But there is only one Carmen in the family. “ ‘Carmen’ is one of the most perfect operas ever written. Consequently I feel lucky to have been stuck with that,” Lane says. She is adamant that the seductive title role should never be played for camp. “Before I did ‘Carmen,’ I did a lot of research on Gypsies -- it’s a matriarchal society. I took it very seriously,” she says. “I have never played her like a vamp. I played her like a person who was aware of her sexuality but was never overtly sexual.”

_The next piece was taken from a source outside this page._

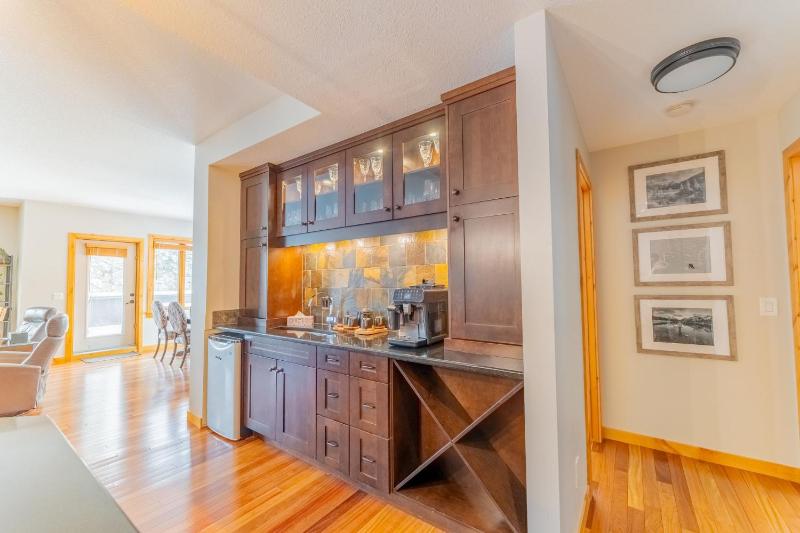 Spring Creek Condo by Canadian Rockies Vacation Rentals - image 25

Well, almost never. “The only time I ever did anything that might be construed that way was when I was doing a ‘Carmen’ with Poleri -- the one who walked out on me -- and I was trying to sing one of my arias where I have my hands tied behind my back,” she says. “And he was playing with the rifle that he held, and I noticed this -- so I figured, ‘I have to get the attention of the audience.’ And so, with my hands behind my back, I leaned over and picked up my skirt with my teeth and pulled it up. That’s become famous. I’m the first one who did that. I just did it because I was angry.”

Lane appears surprised but pleased to learn that the two singers who performed Carmen in Los Angeles Opera’s 2004 production, Catherine Malfitano and Milena Kitic, both hoisted their skirts in this manner onstage. “It’s a good bit,” she says.